HERCULES will develop an integrated framework to achieve a predictable performance on top of low- power multi-core heterogeneous platforms. To that aim, a set of design decisions have been made already at this stage to maximize the impact and exploitation potential of the project outcomes. We hereafter outline these decisions.
Commercial-off-the-shelf Heterogeneous Platforms
Real-time application developers have been always struggling to promote the design, production and adoption of new predictable hardware platforms that are easier to program, schedule and analyse, especially from a timing perspective. Unfortunately, real-time systems have been mostly based on embedded architectures which have not (or at least not exclusively) been thought to address the predictability and analysability requirements of time-critical applications. The few platforms designed for being fully timing analysable became quickly obsoleted by later process technologies.
With the rising cost of manufacturing technologies, these motivations are even more constraining. It is not convenient to spend the considerable amount of money required to design domain-specific computing platforms, unless using cheaper but older, and therefore less performing, manufacturing technologies. This is essentially the reason why this project will not devise new hardware solutions to achieve the predictability targets addressed. Instead, it will use embedded COTS platforms with state-of-the-art technologies, performance and power consumption.
Parallel programming model
The tremendous potential of heterogenous platform in terms of performance and power efficiency comes at the cost of an increased programming complexity, which hinders programmability of these platforms. Nowadays, it is widely accepted that heterogeneous integration is key to attack technology and utilization walls at all computing scales.
For the acceleration of general-purpose, computation intensive programs, a widely adopted approach to simplify programming is using compiler directives on top of standard languages from the uniprocessor domain, such as C, to express parallelism over heterogeneous computing resources. Unfortunately, all the parallel programming approaches which address heterogeneous systems, exhibit certain limitations when compared to the objectives of the HERCULES project. For example, the constructs for accelerator exploitation are tailored to the characteristics of today’s GPUs, emphasizing data-level parallelism and copy-based host-to-device communication.

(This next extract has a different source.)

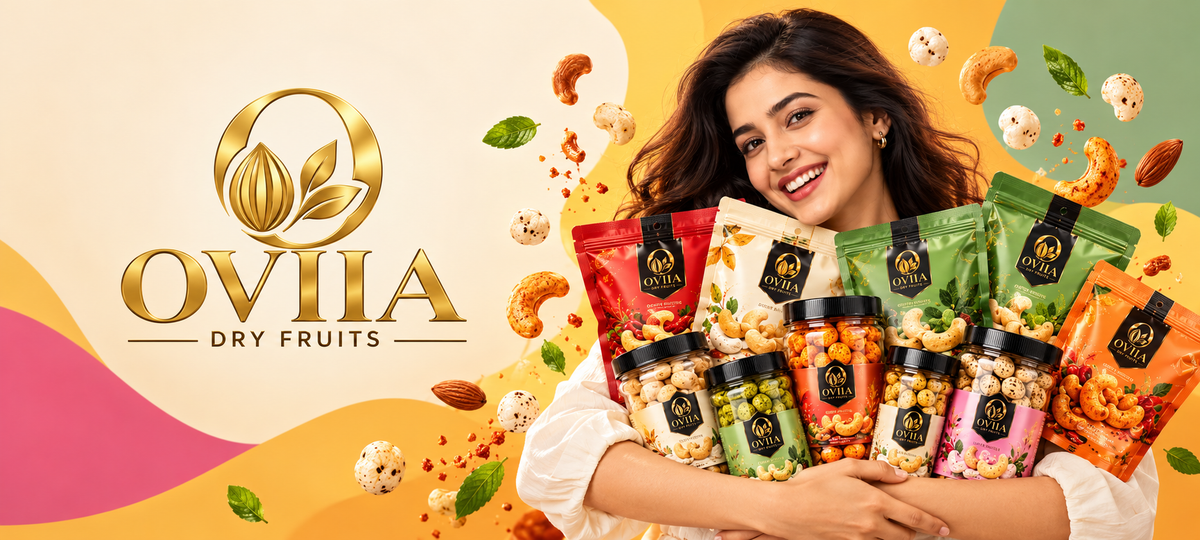 Bold flavours. Zero nonsense.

HERCULES will look at an offload model capable of exploiting different types of accelerators (not only GPUs but also, DSP clusters, FPGA modules and many-core accelerators)., HERCULES will not propose new programming models to deal with the above described issues, but it will build upon existing and widely adopted interfaces to maximize the impact of the framework.
Towards a data-centric scheduling
Energy consumption of modern computing architectures is ever more driven by data movement from memory to computing cores rather than by computing data within cores. Current embedded systems have strong constraints on the power consumption related to the application requirements: it is therefore of paramount importance to limit the
data movements between the cores and the different memory levels to fit the strict power cap required.

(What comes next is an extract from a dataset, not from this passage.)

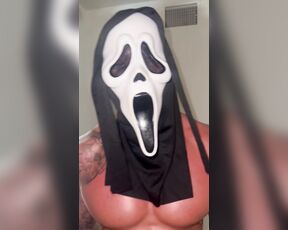 Supreme aka thessupreme - 10-25-2024 OnlyFans Video - Halloween doesnt have to be spooky , it can be fun with treats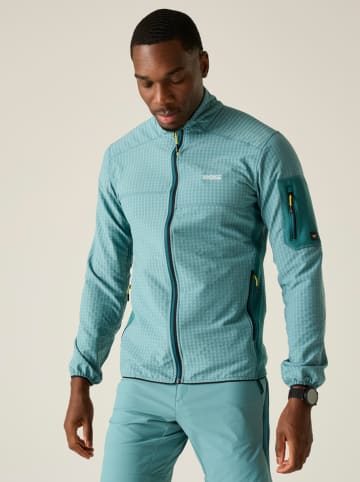 Regatta Fleece vest "Baslinn" turquoise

Observing the hardware configuration of modern low-power multi-core processors for the embedded market, it can be noted that they feature very limited on-chip cache sizes. The reason is that memory replication and coherency mechanisms lead to a repeated bouncing of data between various memory levels, causing a significant power consumption. While such mechanisms may help improving average case performances of general purpose systems, they are detrimental to the power efficiency and predictability of embedded applications, relying on power-hungry hardware mechanisms that cannot be modified via software.
Project HERCULES will implement state-of-the-art memory-centric co-scheduling mechanisms and execution models that jointly consider memory accesses and data processing to minimize the movement of data within the platform.However, the main reason to implement memory-centric scheduling algorithms in HERCULES in not power, but predictability. Real-time applications require bounding (and guaranteeing) the worst-case execution time (WCET) of time-critical activities. Average case performance is less important. To this end, it is necessary to profile and upper bound the memory and communication delays experienced by each task. When the access to shared resources is not properly orchestrated, a significant pessimism is introduced in the timing analysis due the possible occurrence of repeated memory conflicts and unbounded bus contention. Figure below shows a typical distribution of the execution times of a task. While most instances may have relatively small execution times, the WCET may be considerably higher than average-case performance.

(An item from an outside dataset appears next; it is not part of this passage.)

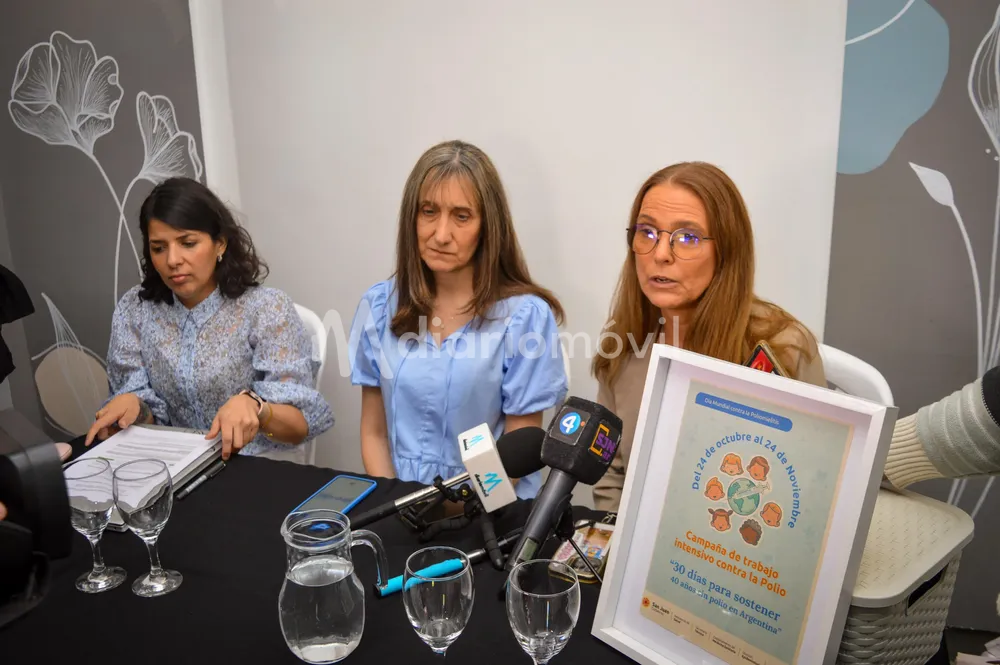 Vacuna Poliomielitis 2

Interestingly, there is a peculiar convergence between predictability, energy efficiency and performance.Properly orchestrating memory accesses allows reducing cache misses. This reduces (the variability of) memory-related timing delays, but at the same time it improves the energy efficiency, avoiding data to be repeatedly moved around the chip. HERCULES intend to collect the peculiar convergence for satisfying these increasing demands of future real-time applications by enforcing a smart orchestration of data movements within and between SoC components.